- The task:
Exactly reproduce the line containing "Roman Brushed Check Pencil Skirt" and all later lines to the end of the entries, leaving the pictures out of your copy.

Caption-style text data
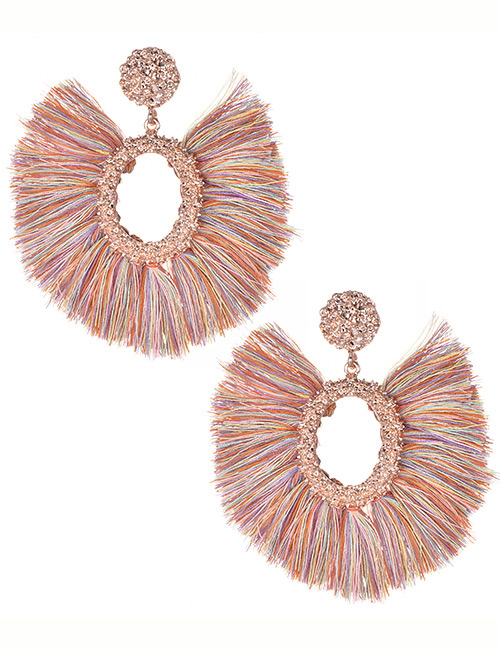 Fashion Multi-color Oval Shape Decorated Tassel Earrings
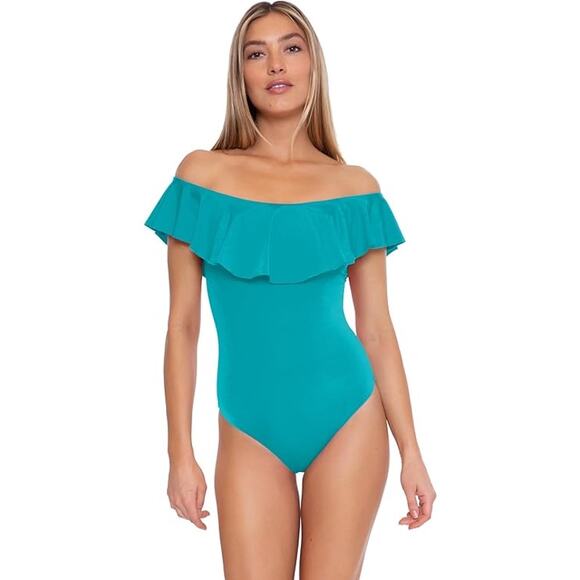 Trina Turk Monaco Off the Shoulder Ruffle One-Piece Swimsuit - Size 8 - Picture 1 of 4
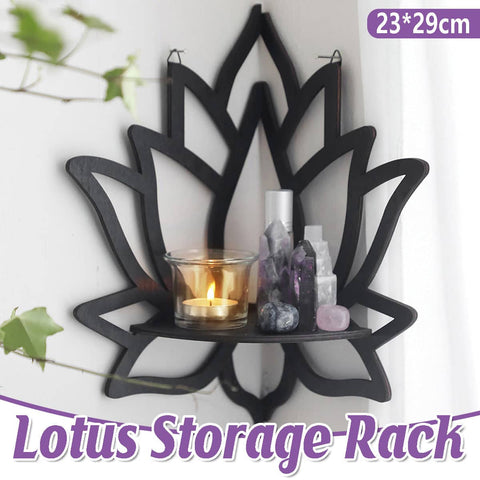 Lotus Shape Wall Mounted Floating Corner Shelf Boxwood Storage Rack, Black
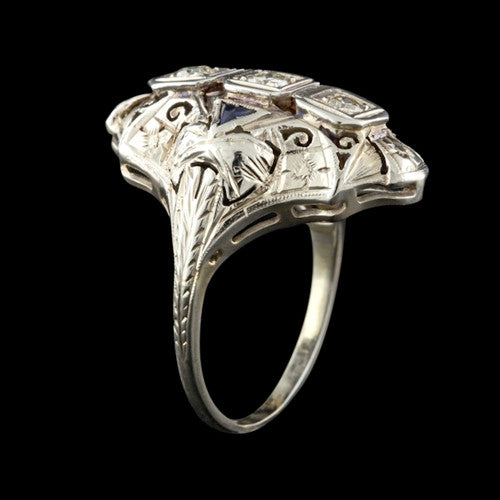 Deco Style Diamond & Sapphire Ring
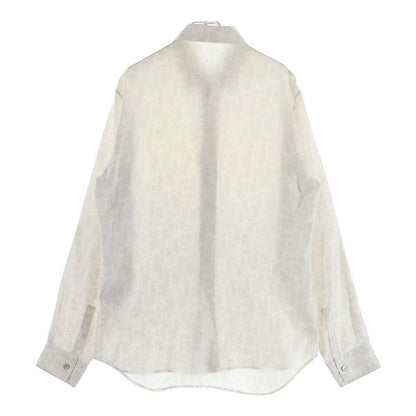 Dior Oak All Over Pattern Silk Long Sleeve Shirt White — view 2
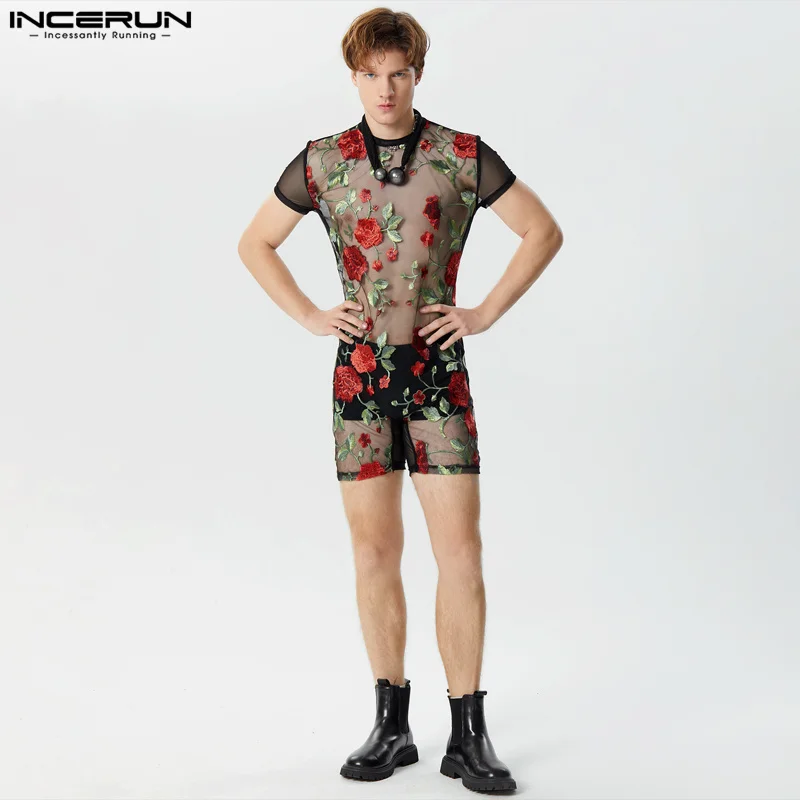 INCERUN 2024 American Style Sexy Styklish New Men Jumpsuits See-through Thin O-Neck Flower Printing Short Sleeve Bodysuits S-3XL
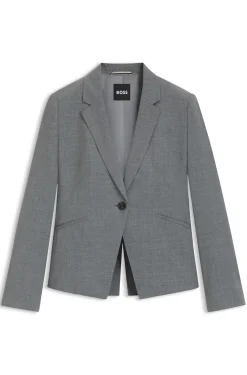 Slim-Fit Blazer aus melierter Schurwolle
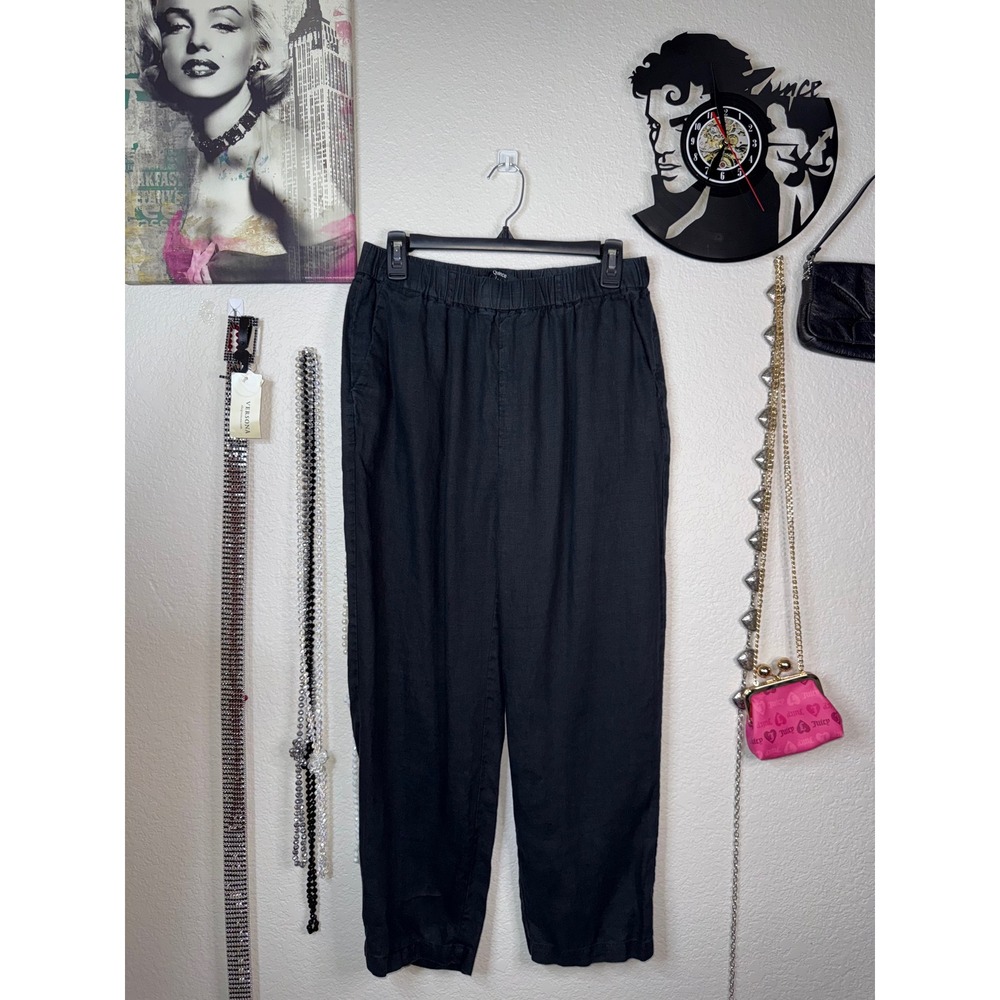 Quince Black Linen Pants Womens M Pull On Elastic Waist Tapered Ankle Pockets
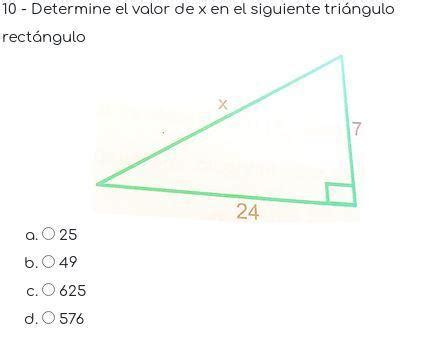 Determine el valor de x en el siguiente triángulo rectángulo Brainly lat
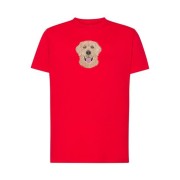 koszulka czerwona unisex z haftem labrador-przód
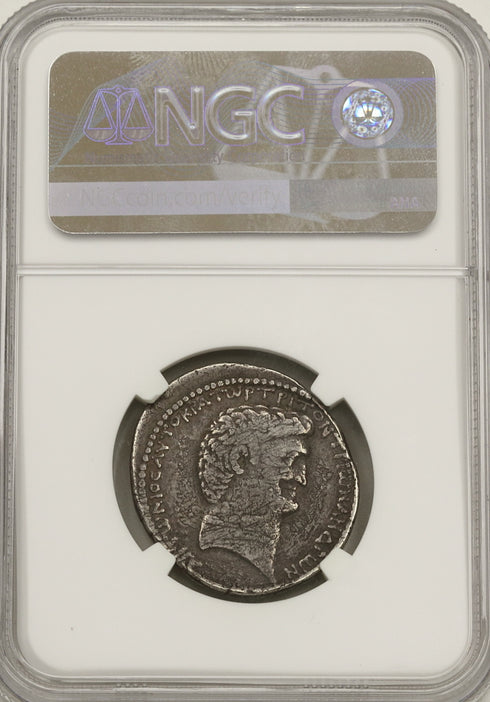 古代共和制ローマ 36BC クレオパトラ7世/マルクス・アントニウス テトラドラクマ銀貨 Ch F Strike5/5,Surface2/5 scraCh es:3958175-011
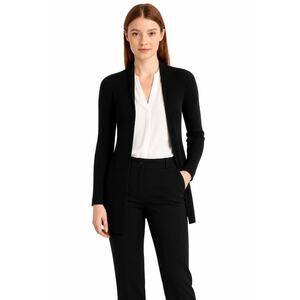 AFRM Shaylee Ribbed Cardigan Black Open Front Long Sleeve Size XS/S Slim Fit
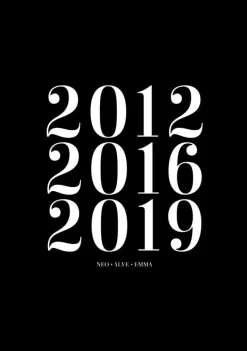 Familietavle - 3 Fødselsår & Navn - Sort (21x29,7 cm (A4))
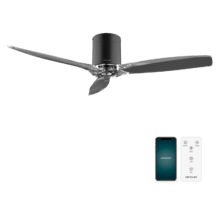EnergySilence Aero 5285 BlackTransparent Ventilatore da soffitto da 40 W 52" con telecomando, Wi-Fi e telecomando, protezione IP44, 6 velocità, 3 pale, modalità winter-summer e timer fino a 8 ore.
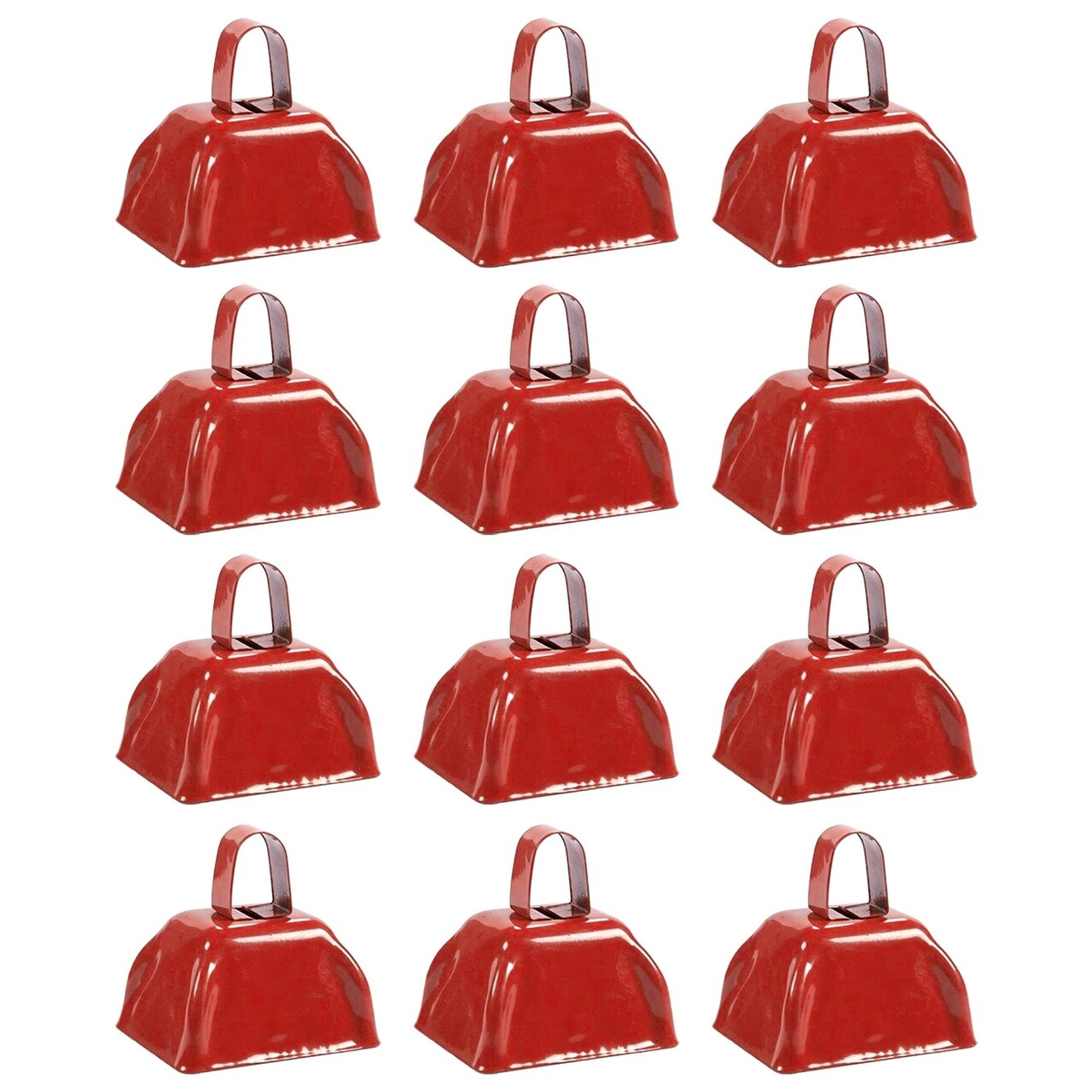 12 Pack Red Cow Bells Noise Makers with Handle, Hand Percussion Cowbells  for Sporting Events, Football Games, Graduation Ceremonies, Welcome Parties  (3 x 3 Inches)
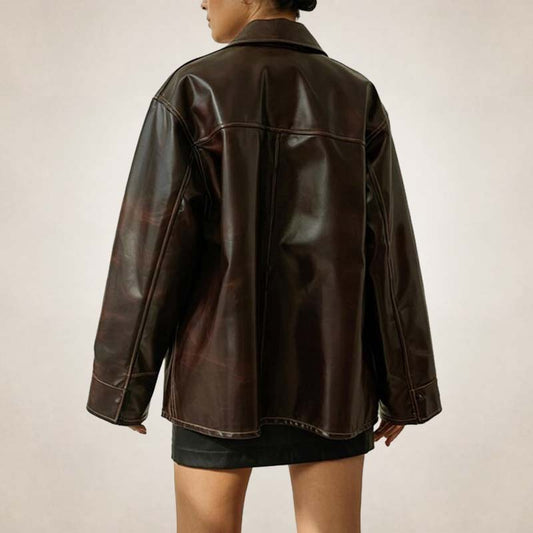 Women’s Oversized Brown Leather Shirt Jacket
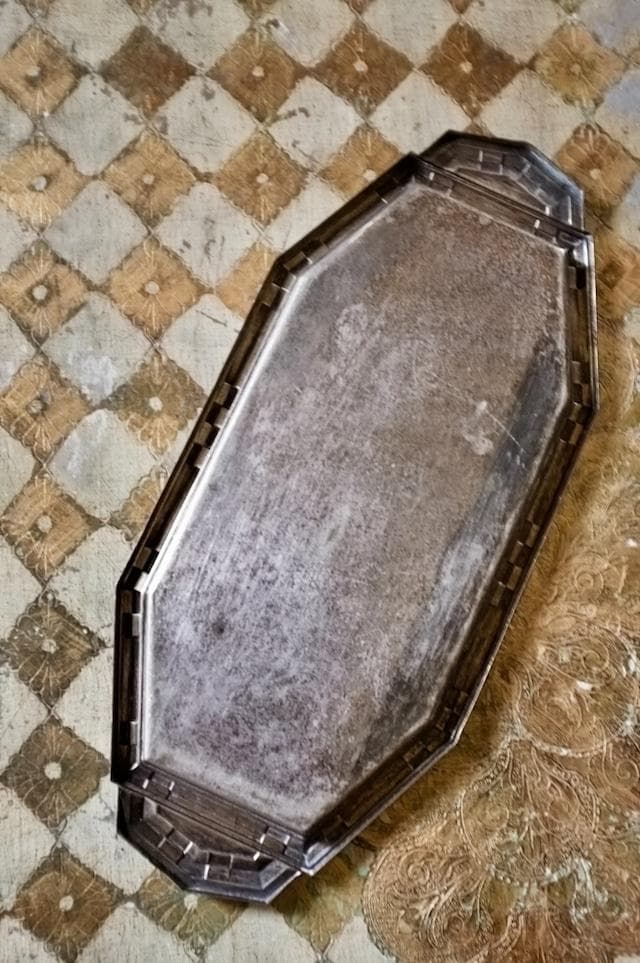 1900s フランス 多数派オクトゴナル リキュールカップとトレイ アンティーク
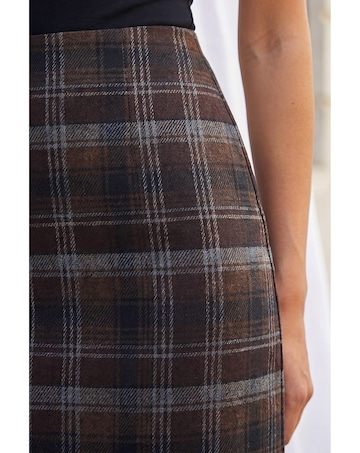Roman Brushed Check Pencil Skirt
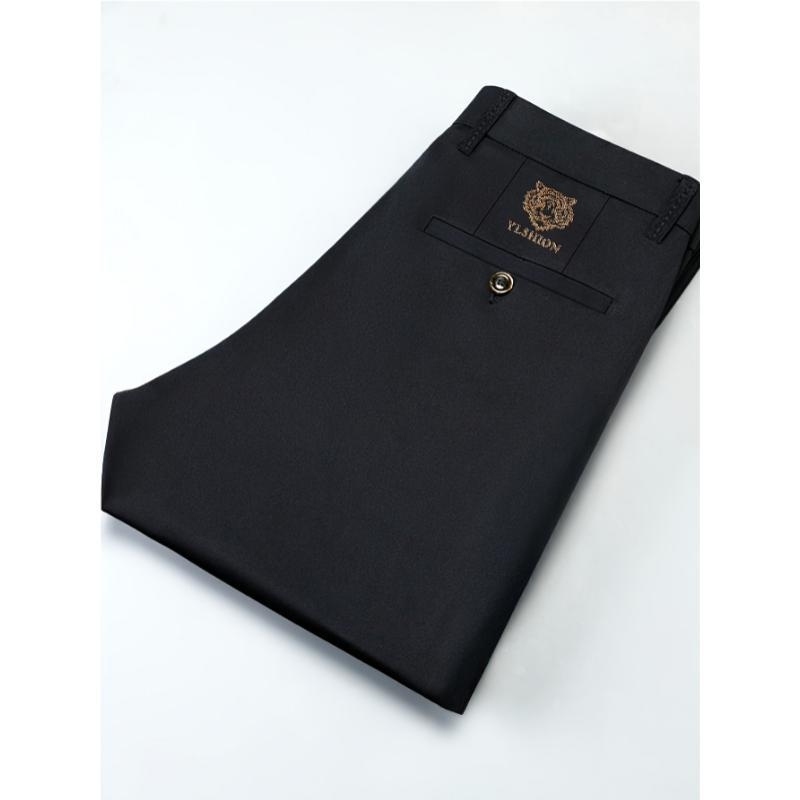 Vyrų Slim Fit kasualinės kostiumo kelnės, corduroy-linen audinys, elastinė juosta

- Solved problem:
Roman Brushed Check Pencil Skirt
 Vyrų Slim Fit kasualinės kostiumo kelnės, corduroy-linen audinys, elastinė juosta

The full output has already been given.